(WHAT THE TASK ASKS) Transcribe the records below exactly, leaving out any pictures.

(ENTRIES SUPPLIED)
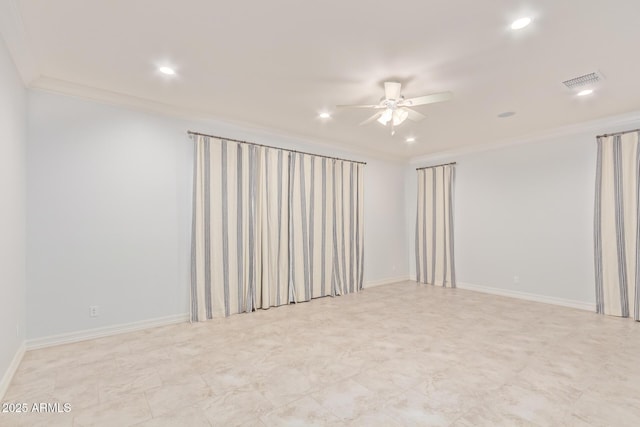 empty room with ceiling fan and crown molding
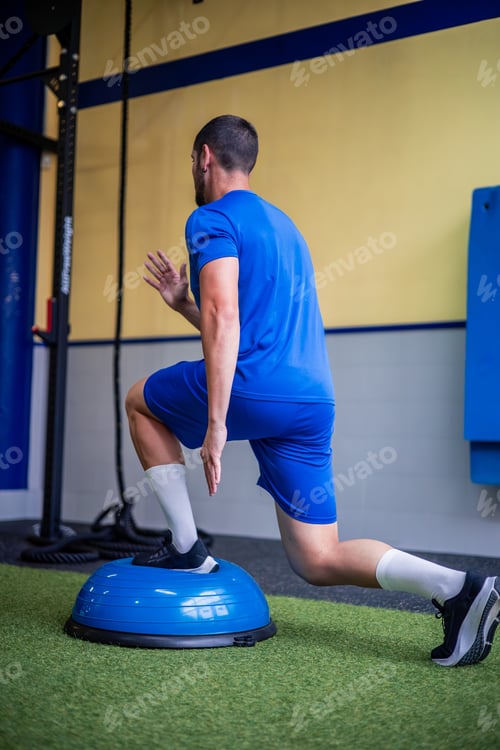 Preview: young fitness athlete doing leg strength and balance exercises with Bosu ball in gym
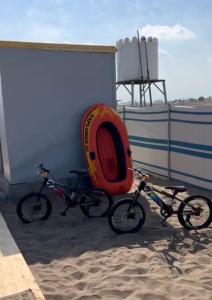 拜尔卡Dolphin Campground的两辆自行车停放在海滩上一座建筑旁边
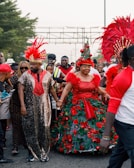 A festive parade with people wearing vibrant and elaborate costumes adorned with feathers and decorations. The scene is lively with a variety of individuals, some wearing sunglasses and hats, creating a cheerful atmosphere.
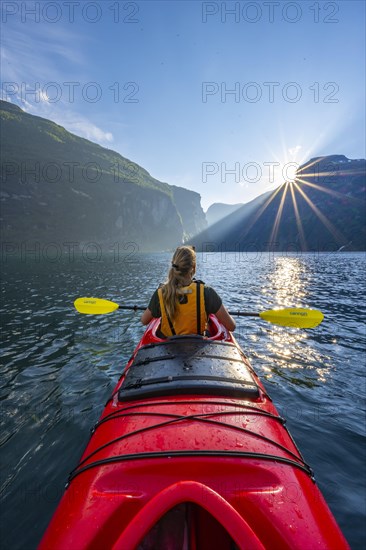 Young woman paddling in a kayak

(ANSWER SPACE)
 empty room with ceiling fan and crown molding
 Preview: young fitness athlete doing leg strength and balance exercises with Bosu ball in gym
 拜尔卡Dolphin Campground的两辆自行车停放在海滩上一座建筑旁边
 A festive parade with people wearing vibrant and elaborate costumes adorned with feathers and decorations. The scene is lively with a variety of individuals, some wearing sunglasses and hats, creating a cheerful atmosphere.
 Young woman paddling in a kayak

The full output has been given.